微細加工プロセス

 成膜した多層膜の輸送特性(あるいはデバイス特性)を測定するためにはナノスケールからマイクロスケールでの微細加工が必要となります。このような微細加工を私たちのグループでは
  1. 高分子レジスト塗布
  2. 電子線描画装置あるいはマスクアライナーによる露光
  3. 現像によるレジストパターニング
  4. 蒸着によるパターン転写、あるいはミリング法によるパターン転写
といった流れで行っています。

レジスト塗布

 基板の上にレジストと呼ばれる高分子を滴下し、それを高速で回転させることによってレジストを均一に塗布します。この作業をスピンコートと呼んでいます。最終的なレジストの厚さはシンナーに対するレジスト濃度やスピンコートの際の回転数に依存して決定されます。このレジストをパターニングすることが微細加工の第一段階となります。レジストにはポジ型、ネガ型という二種類が存在しますが、これらについては後述いたします。

露光プロセスと現像

 レジスト塗布の後、電子線描画装置、あるいはマスクアライナー(フォトリソグラフィー)によって露光を行います。電子線描画装置の場合には、高加速度(典型的には数十kV以上、高い物で100kV程度)で加速された電子をレジストに打ち込み、レジストの分解あるいは化学増強を行います。マスクアライナーの場合には、マスクを介して光子を打ち込む事によって、電子線描画同様、レジストの分解あるいは化学増強を行います。一般に電子あるいは光子の入射によって分子間の結合が切れ、低分子化が生じるレジストをポジ型、逆に化学増強が起こるレジストをネガ型と呼んでいます。露光後の基板は現像液に浸す事によって、ポジ型レジストの場合には低分子化した領域が溶け出し、またネガ型レジストの場合には非露光部分が溶け出すことによってパターンが形成されます。

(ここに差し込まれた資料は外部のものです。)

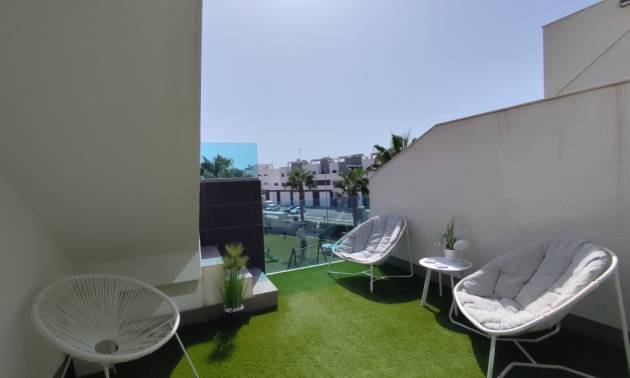 Revente - Apartment - El Raso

 電子線描画の場合には、収束させた電子線を基板面で走査することによってパターン形成を行います(イメージとしては鉛筆で絵を書くようなもの)。そのため、微細な構造を加工することが可能ですが、反面で描画には非常に長い時間が必要です。マスクアライナーの場合にはマスクを介して全面転写するので(イメージとしてはカメラのシャッターを切るようなもの)、大面積を短時間でパターニングすることができます。

 電子線描画用のレジストは、一般にポジ型レジストの方が分解能は良く、最近の装置では線幅10 nm以下のパターニングも可能です。一方、ネガ型レジストは固い物が多く、レジストパターニング後の加工プロセス(ミリング、エッチング等)に有利な場合が多いです。

 マスクアライナー用のレジストは、一般に光の吸収帯に合わせて合成されているため、色のついたものが多くなります。分解能は光の波長程度で、実験室で用いるものは設計の優れた装置でも500 nm程度です。産業用の量産機(ステッパー)の場合には数十nmの加工も可能です。

リフトオフ法によるパターン転写

 露光後の基板に対して、金属等を蒸着あるいはスパッタし、その後剥離液によってレジストを除去すると、基板上にはパターニングした領域にのみ、金属等が残ることになります。これはレジストパターンを基板上に転写した事に対応します。このような手法をリフトオフ法と呼んでいます。

Arイオンミリングによるパターン転写

 露光後の基板に対して、加速したArイオンを衝突させる事で、基板の露出部分を削りだします。その後、レジストを剥離する事によってパターンを形成します。